Bareiss: Eric war ein wesentlicher Bestandteil der gesamten Entwicklung. Er war bei vielen Drehbuchgesprächen oder bei der Besprechung der Casting-Listen dabei. Er hat sich vielfach mit unserem Eric-Darsteller Jannik Schümann getroffen und mit ihm Drogenberatungsstellen besucht. Er war oft mit dem Regisseur Damian John Harper im Schneideraum und hat die Musik mit ausgewählt. Uns war es wichtig, dass der Film möglichst authentisch wird, und das heißt in diesem Fall, dass Eric seine Sicht darin wiederfindet. Als Produzenten sind wir die Geburtshelfer des Films, aber es bleibt seine Geschichte, sein Leben.

Besonders ist der Film auch insofern, als er rund 50 Prozent mehr Budget als ein klassisches TV-Movie hatte. Wie haben Sie die Finanzierung aufgestellt?

Bareiss: Es handelt sich um eine kofinanzierte Auftragsproduktion, in die wir einen Eigenanteil und 330.000 Euro Produktionsförderung vom Medienboard Berlin-Brandenburg eingebracht haben. Die TV-Rechte für den deutschsprachigen Raum gehören dem Sender, alles andere gehört uns.

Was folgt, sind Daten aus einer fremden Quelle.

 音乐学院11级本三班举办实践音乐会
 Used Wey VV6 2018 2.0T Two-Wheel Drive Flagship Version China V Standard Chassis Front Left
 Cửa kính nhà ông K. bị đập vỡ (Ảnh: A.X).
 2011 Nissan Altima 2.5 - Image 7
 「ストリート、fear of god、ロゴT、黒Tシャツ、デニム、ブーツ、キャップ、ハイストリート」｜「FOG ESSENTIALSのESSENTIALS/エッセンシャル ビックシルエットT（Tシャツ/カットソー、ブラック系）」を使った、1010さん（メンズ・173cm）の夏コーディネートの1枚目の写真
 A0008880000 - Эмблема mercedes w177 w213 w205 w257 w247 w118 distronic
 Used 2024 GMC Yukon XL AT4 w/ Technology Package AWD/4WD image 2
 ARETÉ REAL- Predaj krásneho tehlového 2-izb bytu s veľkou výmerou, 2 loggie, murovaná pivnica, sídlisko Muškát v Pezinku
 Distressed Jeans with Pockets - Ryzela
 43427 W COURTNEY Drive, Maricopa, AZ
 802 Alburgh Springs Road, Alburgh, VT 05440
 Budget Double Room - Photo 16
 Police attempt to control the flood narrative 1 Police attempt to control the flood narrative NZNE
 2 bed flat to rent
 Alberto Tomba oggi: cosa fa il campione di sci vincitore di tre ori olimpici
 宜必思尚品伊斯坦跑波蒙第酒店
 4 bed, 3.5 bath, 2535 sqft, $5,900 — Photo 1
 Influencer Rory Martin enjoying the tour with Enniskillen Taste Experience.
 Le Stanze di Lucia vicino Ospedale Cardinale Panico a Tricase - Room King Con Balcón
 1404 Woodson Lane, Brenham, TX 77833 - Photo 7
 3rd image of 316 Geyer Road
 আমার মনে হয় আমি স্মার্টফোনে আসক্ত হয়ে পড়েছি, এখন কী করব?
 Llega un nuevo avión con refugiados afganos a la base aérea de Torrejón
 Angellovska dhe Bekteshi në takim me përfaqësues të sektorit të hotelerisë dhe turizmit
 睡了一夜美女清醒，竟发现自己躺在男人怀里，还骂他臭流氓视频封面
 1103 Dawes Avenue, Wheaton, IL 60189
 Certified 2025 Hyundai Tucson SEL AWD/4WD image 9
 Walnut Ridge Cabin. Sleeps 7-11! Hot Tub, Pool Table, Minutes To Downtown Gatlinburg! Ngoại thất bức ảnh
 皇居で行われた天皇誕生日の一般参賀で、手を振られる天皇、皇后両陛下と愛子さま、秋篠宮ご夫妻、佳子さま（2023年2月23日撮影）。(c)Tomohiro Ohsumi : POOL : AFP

Am 27. März erscheint bei Leonine Distribution die DVD, den Weltvertrieb übernimmt Red Arrow Studios International.

Sie haben kürzlich angekündigt, dass Sie "Lass uns mit den Toten tanzen" verfilmen werden, den autofiktionalen Roman der Kapitänin Pia Klemp, deren Seenotrettungsschiff 2017 von den italienischen Behörden beschlagnahmt wurde.

Bareiss: Für uns ist das ein ähnlich wichtiges Projekt wie "9 Tage wach", gerade auch im Hinblick auf den gesellschaftlichen Stellenwert des Themas. Was Pia Klemp tut, ist ein so außergewöhnliches Engagement, dass es eine große Erzählung verdient hat. Auch wenn wir dafür bislang noch keinen Sender- oder Plattformpartner haben, sehen wir intern durchaus einen gedanklichen roten Faden zwischen den beiden Projekten, der da lauten könnte: außergewöhnliche Filme über junge Helden und Heldinnen unserer Zeit. Davon würden wir gern mehr machen.

Frau de Mardt, Herr Bareiss, herzlichen Dank für das Gespräch.